In fact, from the current studies, it can be seen that there are two big types of motives, one is economic motives and the other is non-economic motives. Although some people argue that motives of mergers lie in some non-economic reasons, such as the political reasons, the managers’ reasons, and so on, others take a different view and emphasize that because of that the raison d’être of a company is to make profits, most motives of mergers are for sound economic reasons. Thus, this essay is an attempt to argue that the main motives for mergers are economically sound reasons. It also aims to show the importance of different economic motives, even though some people claim that there are many failures that resulted from those motives. In addition, the ineffectiveness of non-economic motives will also be checked to support the main argument.
In order to demonstrate this, this essay will first focus on the growth motive of mergers. The case of P&O and Stena will also be added into the discussion. Second, different types of synergy will be illustrated to explain how valid this motive is to help companies to become stronger. Third, the electronic giant General Electronic (GE) will be given as a good example to discuss the significance of the diversification motive. Fourth, the example of the Exxon-Mobil Oil Company will be used to show some other economic motives. Finally, there will be discussion about some non-economic motives such as power motives, achievement motives, and political motives and so on, though these are some less common motives for mergers.
2.0 Economic Motives
2.1 Faster Growth
If a company seeks to make a merger with other firms, the most popular motive may be growth. As Denzil (2001) points out, one of the most successful types of merger may be a merger with a growth motive, because it is easy and quick to beat competitors and take the lead in markets. When a company wants to expand, there are several choices: internal growth or growth through mergers. Internal growth means companies go to buy land and build more factories, employ new staff, or search for a market to sell products and so on. This is a long way to go. However, if companies use the method of merging, it will save them much time to do other things such as research and development or market promotion. Moreover, through merging, companies may easily occupy the market, enlarge the market share, and beat the competitors (DePamphilis, 2003). If mergers occur in different regions, this means companies are improving its fame and becoming more globalised, this means more customers may know about the company, in other words, more potential benefits will move to the company.
Although there are a great number of obvious benefits that companies will face, others disagree with the motive of growth. In their opinion, growth is a difficult goal to achieve and is not a sound economic reason. As Gaughan (2007) indicates, when a company has already accomplished growth in the past, it is difficult for corporate managers to keep growing.
However, after achieving growth in the past, managers will look for some other ways to keep growing. Among those ways, Mergers could be the fastest and the most efficient way. Companies do not need to take couples of year to build workshop, and recruit new employees.

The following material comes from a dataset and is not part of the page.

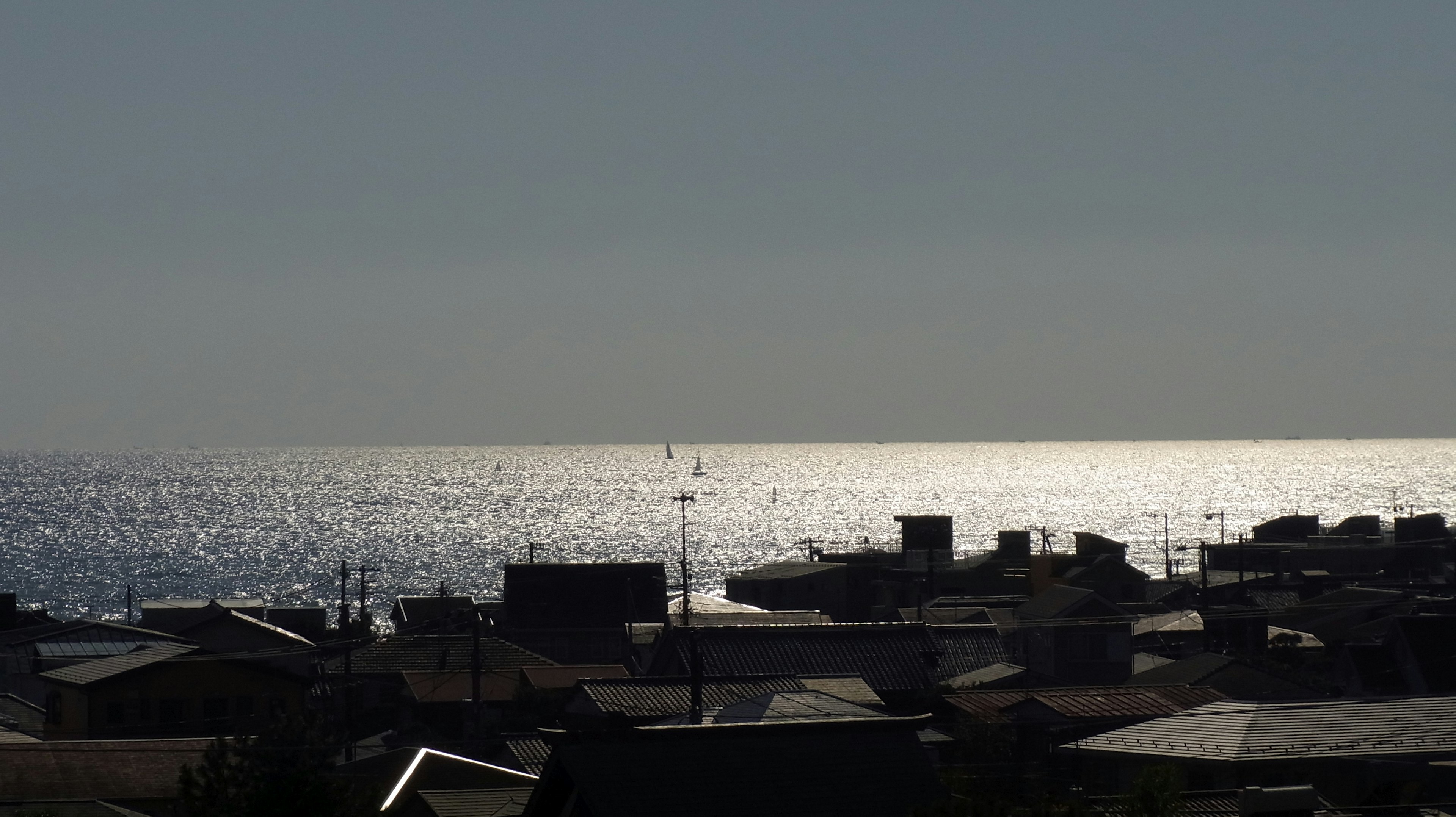 海の輝きと屋根が見える風景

In addition, with less time to spend, growth via mergers can be gain through the lowest-risk way (DePamphilis, 2003, p. 356). Long time means more uncertainties, which are more risks. How to avoid those risks? It is better to spend less time, and complete mergers quickly.
As a good example of growth motive, the case of Johnson & Johnson should be introduced. Johnson & Johnson is one of the biggest manufacturers of health care industry in the world. It was established by Johnson and his two brothers in 1986 in New Jersey of United States. At that time, it was a company which only had fourteen workers. In the early 1920s, with the development of businesses, Johnson & Johnson began to build branches in other places such as America, Europe, Asia and Africa. However, over the period 1995 to 2005, Johnson & Johnson took a series of mergers. Through those mergers, Johnson & Johnson have gained a greatly fast growth. So far, Johnson & Johnson have owned more than 250 subsidiaries in 57 different countries and 115 thousand employees. Its products are available in nearly 175 countries (Stock Johnson & Johnson, 2010). The global revenue of Johnson & Johnson in 2008 was 63.7 billion US dollars (JNJ Income Statement, 2009).

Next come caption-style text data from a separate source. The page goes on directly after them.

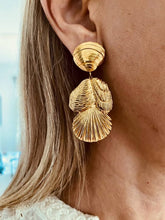 Load image into Gallery viewer, NIL statement earrings featuring layered gold seashells.
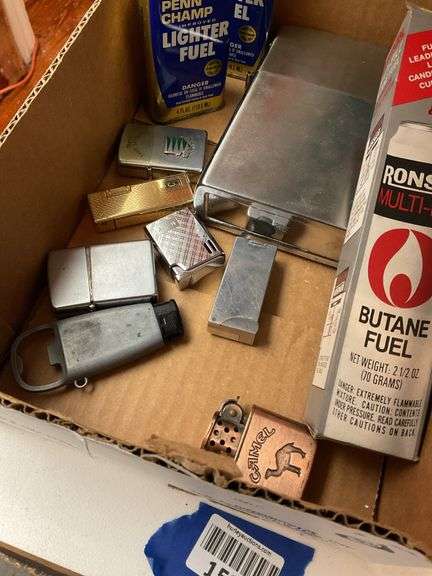 Cigarette lighters, lighter fuel, Camel blender shot glasses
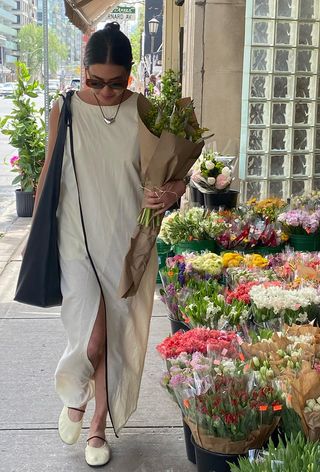 a photo of a woman's white dress outfit with long maxi styled with silver necklace, white ballet flats, and a black tote bag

From the example of Johnson & Johnson, we can see, with the development of an increasingly globalized world, growth can be one of the most efficient and fundamental motives of mergers.

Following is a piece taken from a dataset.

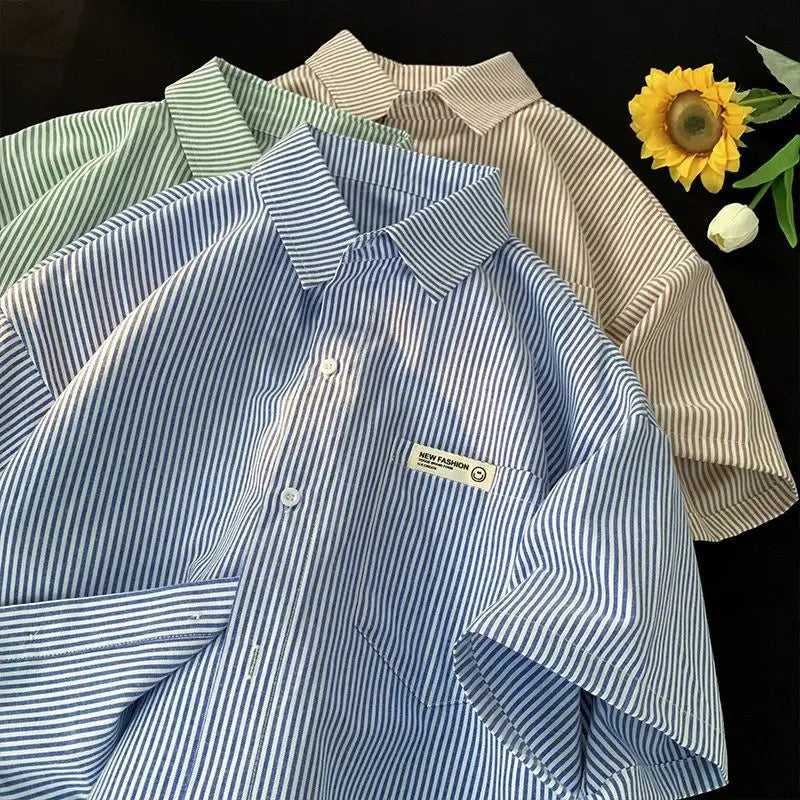 plus size striped casual shirt featuring blue and white vertical stripes short sleeves a collar and a small rectangular new fashion label on the chest pocket.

2.2 Different Types of Synergy
As another important motive, synergy is the popular choice for companies to make a merger. Synergy means the extra energy or effectiveness that people or businesses create when they combine their efforts. In mergers, according to DePamphilis (2003), synergy refers to corporate combination will produce more profits than that the sum of their separate status. Therefore, synergy is often used to explain the phenomenon of 1+1=3. In mergers, this means the combination of two companies may generate three companies’ effect. Just because of this, many companies try their best to seek the opportunities to combine with other corporations.
If synergy occurs in mergers, it focuses on two sides to raise the profitable ability of companies: revenue enhancements and cost reductions (Gaughan, 2007, p. 133). For example, if Coca Cola make a merger with a fruit producer, as a result, it will save more spending to buy raw material for its soft drinks. This is called cost reductions. When Coca Cola have gained a lower price of raw material, it can reduce some prices of its drinks. In this way, lower price will make a promotion of its drinks. This is named revenue enhancements. Though the actual fact is more complex than this example, the truth is the related theory would be basically the same.
Although synergy has enhanced the profitability from revenues and costs, some people do not agree synergy should be a good economic reason for mergers (Gaughan, 2007). From their point of view, the synergy effect can only be described the mergers of companies in the same industry or seller-buyer relationship, and it is not suitable to other diversified mergers.
In order to respond this, economies of scope should be introduced as a concept that is confused with economies of scale. Economies of scope can be defined as “the ability of a firm to utilize one of set of inputs to provide a broader range of products and services” (Gaughan, 2007, p. 129). If a company is able to utilize its workforce, and facilities, synergy also can be achieved. Most failures of mergers with synergy purpose are because of their leaders’ inefficient management ability and not the motive of synergy.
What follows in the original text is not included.